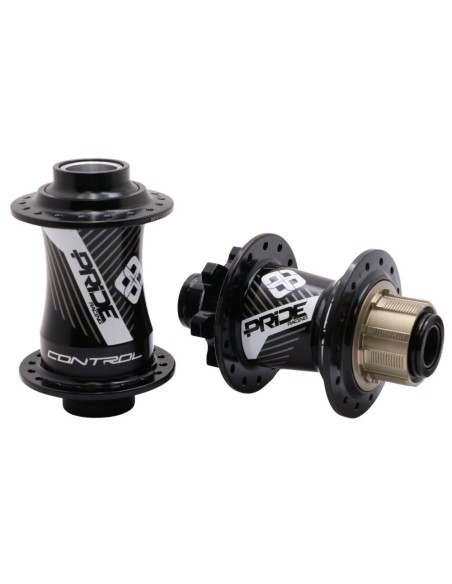 Moyeux Pride Control V2 Pro 15mm 36H noir
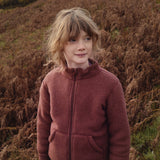 Kite Jacket - Merino Wool Fleece - Fig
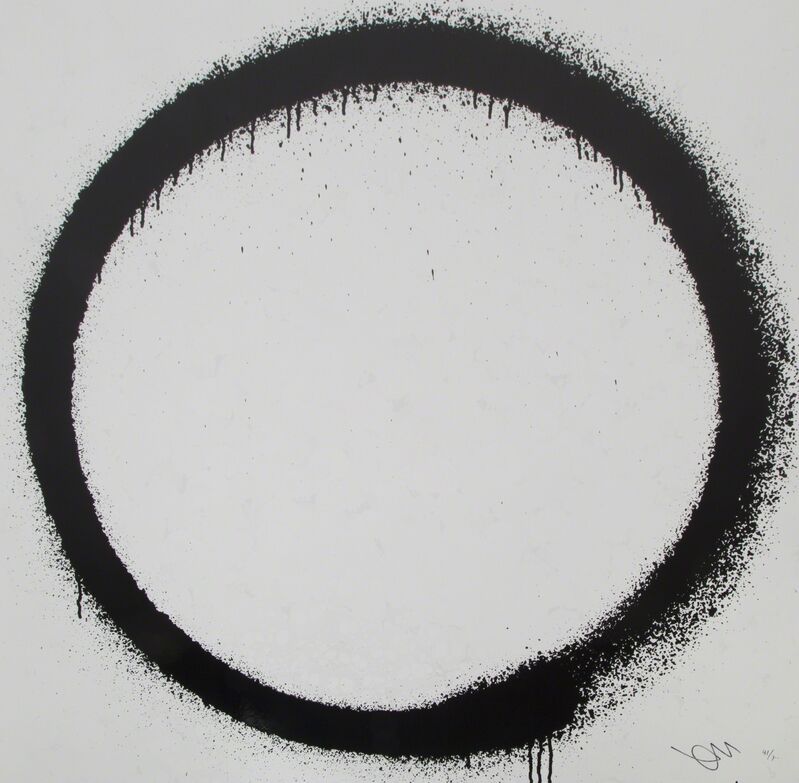 Takashi Murakami, ‘Enso: Tranquility’, Print, Offset lithograph on paper, Julien's Auctions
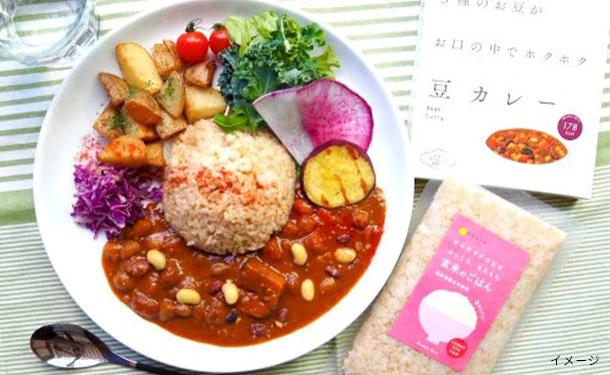 CHAYAマクロビ「カレー6種＆玄米ごはんセット」 - Image 27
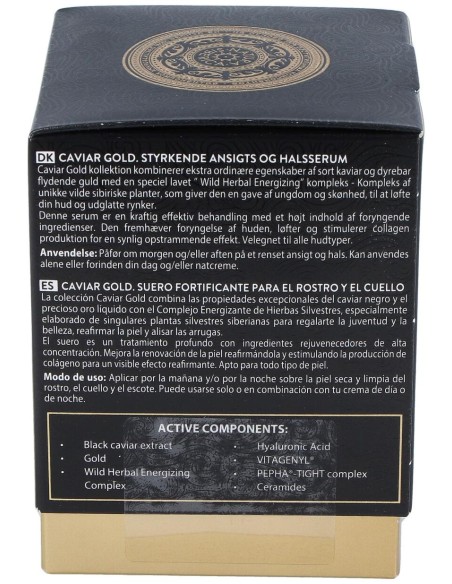 Natura Siberica Caviar Gold Serum Reafirmante Para Rostro Y Cuello 30 Ml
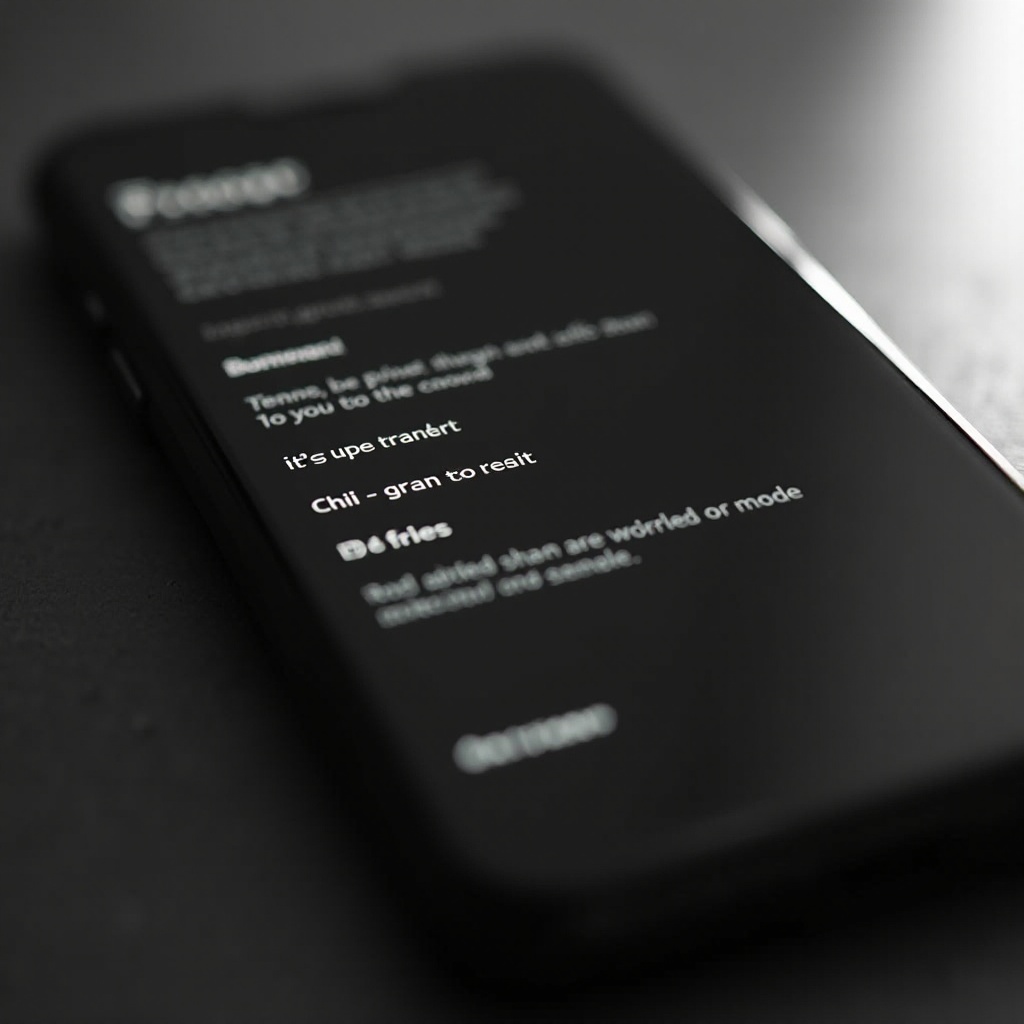 휴대폰을 흑백으로 만드는 방법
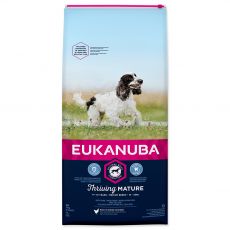 EUKANUBA MATURE & SENIOR 7+ Medium Breed - 15 kg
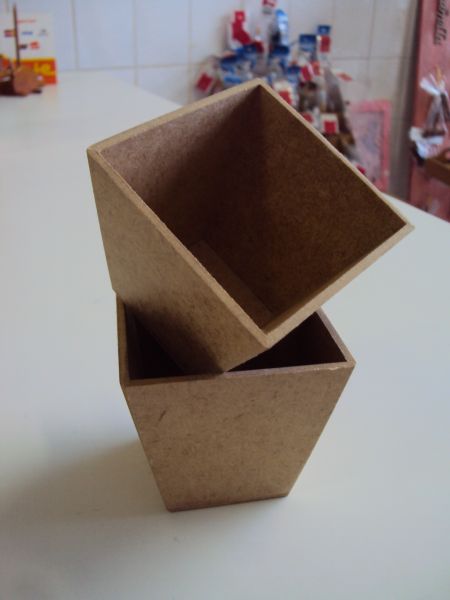 Vaso MDF - Pequeno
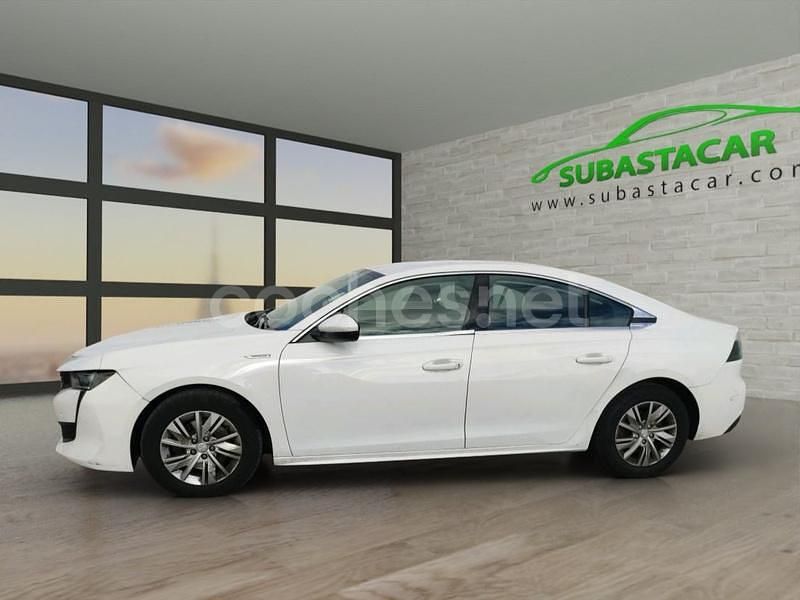 Blanco Usado 2020 Peugeot 508 Business-Line Berlina | 13.300 € (Buen precio) - Imagen 1/4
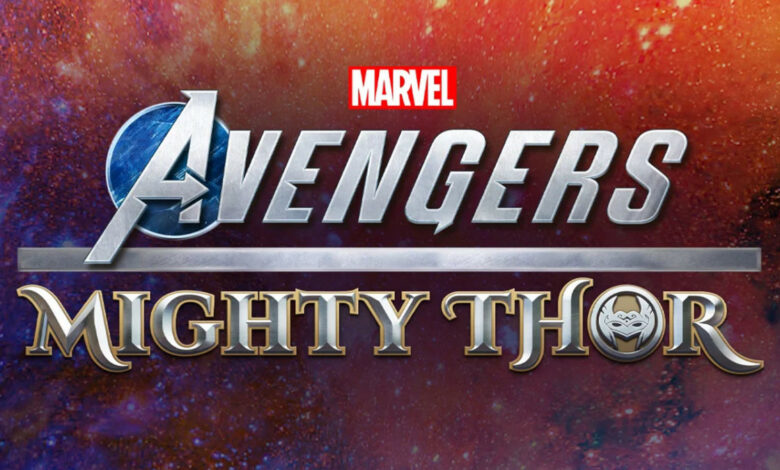 Avengers Mighty Thor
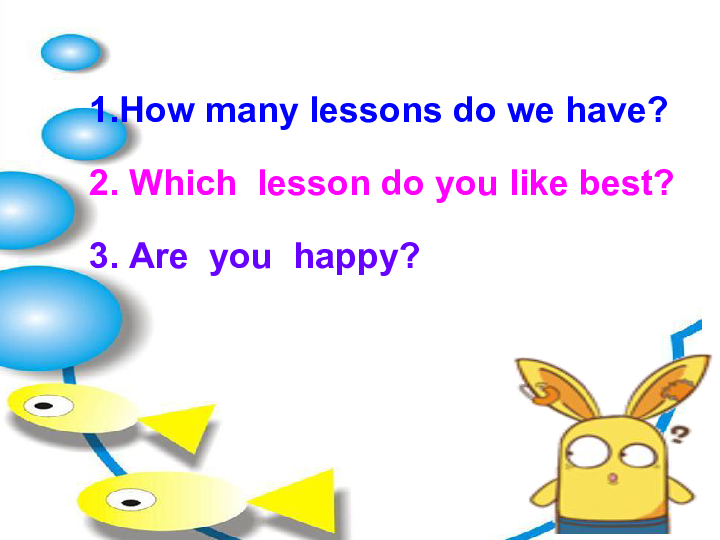 Unit 3 What subject do you like best ? Lesson 17 课件（23张PPT）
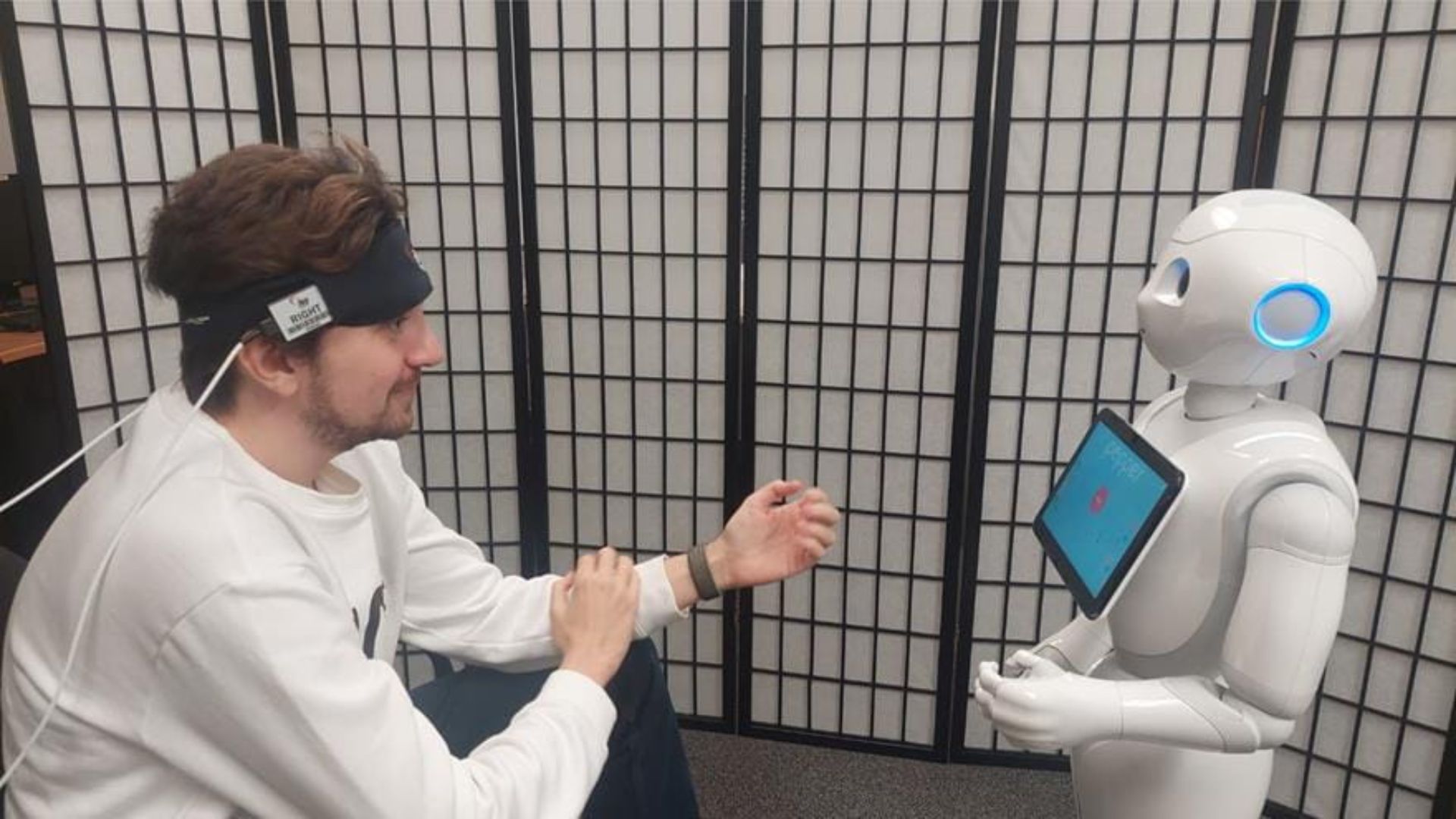 Expressive humanoid robots build trust, but errors trigger rapid confidence loss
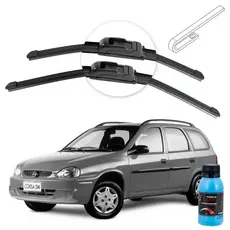Palheta Limpador de Parabrisa Chevrolet Corsa Wagon ano 96 a 02 Universal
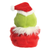 Soft Toy - Aurora The Grinch Santa Palm Pal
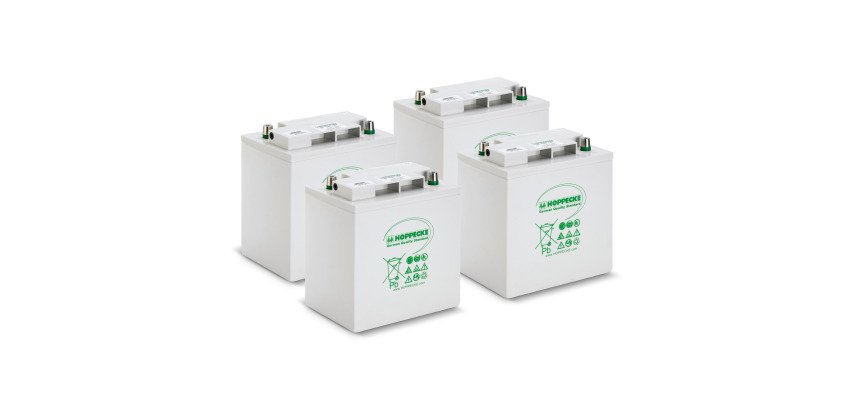 Kärcher - Lot de batteries AGM 4x 6V/170Ah, 24 V, 170 Ah, Sans entretien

**Problem to work on:**
Extract from the material above the stretch running from the line containing "Kite Jacket - Merino Wool Fleece - Fig" through the line containing "Vaso MDF - Pequeno". Keep the text exact and the pictures out.

**Solution to the problem:**
 Kite Jacket - Merino Wool Fleece - Fig
 Takashi Murakami, ‘Enso: Tranquility’, Print, Offset lithograph on paper, Julien's Auctions
 CHAYAマクロビ「カレー6種＆玄米ごはんセット」 - Image 27
 Natura Siberica Caviar Gold Serum Reafirmante Para Rostro Y Cuello 30 Ml
 휴대폰을 흑백으로 만드는 방법
 EUKANUBA MATURE & SENIOR 7+ Medium Breed - 15 kg
 Vaso MDF - Pequeno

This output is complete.